Lancaster University Confirms Data Breach, Applicants Targeted
Lancaster University has confirmed that it was “subject to a sophisticated and malicious phishing attack” which resulted in breaches of student and applicant data.
This has led to undergraduate student applicant data records for 2019 and 2020 being accessed, including names, addresses, telephone numbers and email addresses. Lancaster confirmed in its statement that it was “aware that fraudulent invoices” were being sent to some undergraduate applicants and has warned applicants to be aware of any suspicious approaches.
Also breached was Lancaster’s student records system. “At the present time we know of a very small number of students who have had their record and ID documents accessed,” it confirmed.
Its statement said that it “acted as soon as we became aware that Lancaster was the source of the breach on Friday” and immediately reported the issue to the Information Commissioner’s Office.
“Since Friday we have focused on safeguarding our IT systems and identifying and advising students and applicants who have been affected,” it said.
A spokesperson for the Information Commissioner’s Office said that the incident had been reported to them, and it was currently assessing the information provided.
The news follows the announcement that over 60 US colleges had been compromised after hackers exploited a vulnerability in popular ERP software.

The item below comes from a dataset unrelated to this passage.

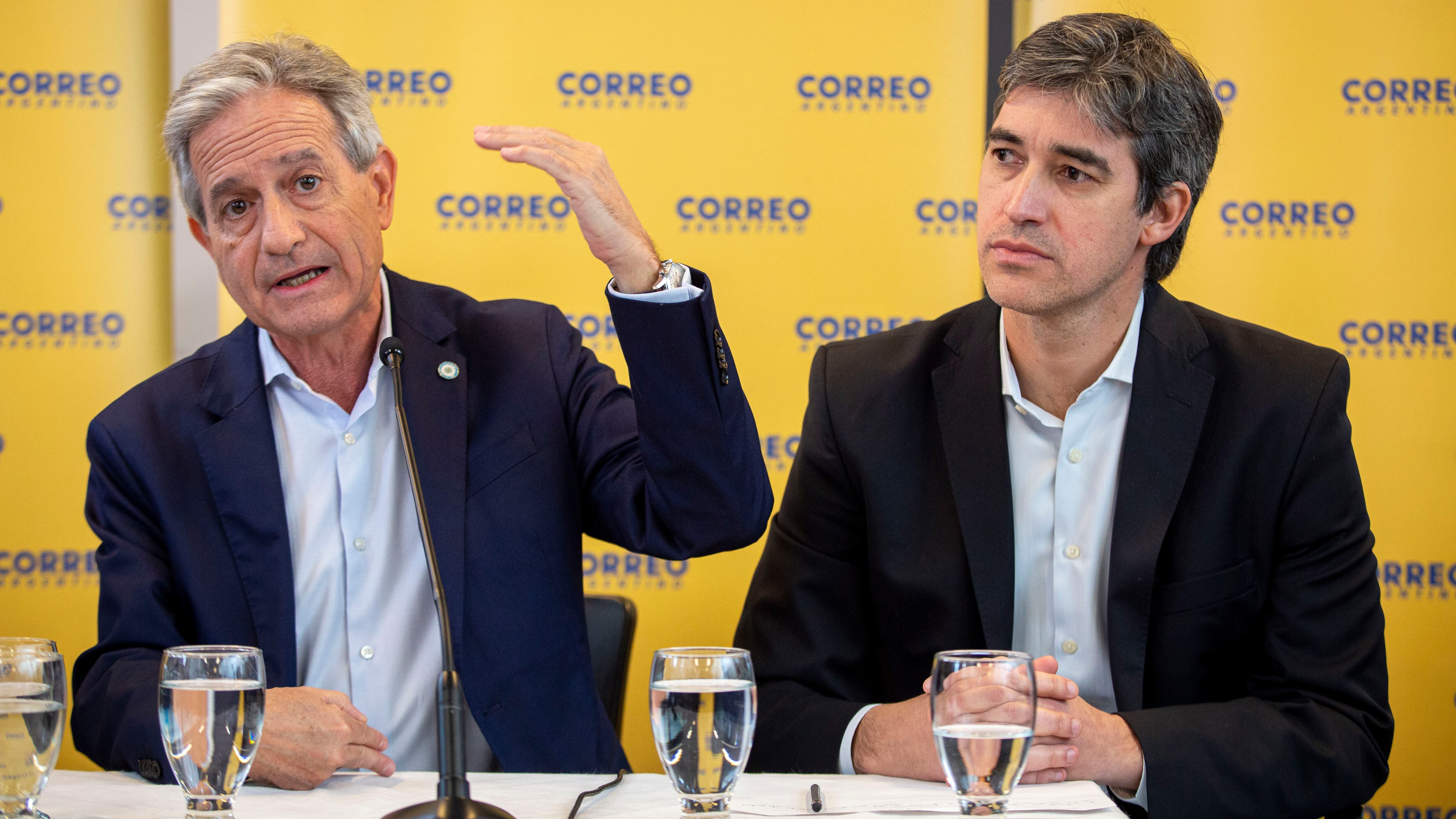 Los funcionarios Andrés Ibarra (Modernización) y Adrián Pérez (Asuntos Políticos), defensores de Smartmatic.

Ed Macnair, CEO of Censornet, said that this proves how targeted cyber-criminals are becoming in their hacking methods, and how any and all sectors are now at constant risk. “The attack happened through the ever persisting phishing method,” he said. “This kind of data allows criminals to carry out attacks like credential stuffing, where hackers attempt to log in to a number of an individual's accounts with the intent to access card details that have been linked to certain accounts.
“This attack highlights how absolutely any organization is now vulnerable to being hacked, so more vigilance, education, and sophisticated protection is required.”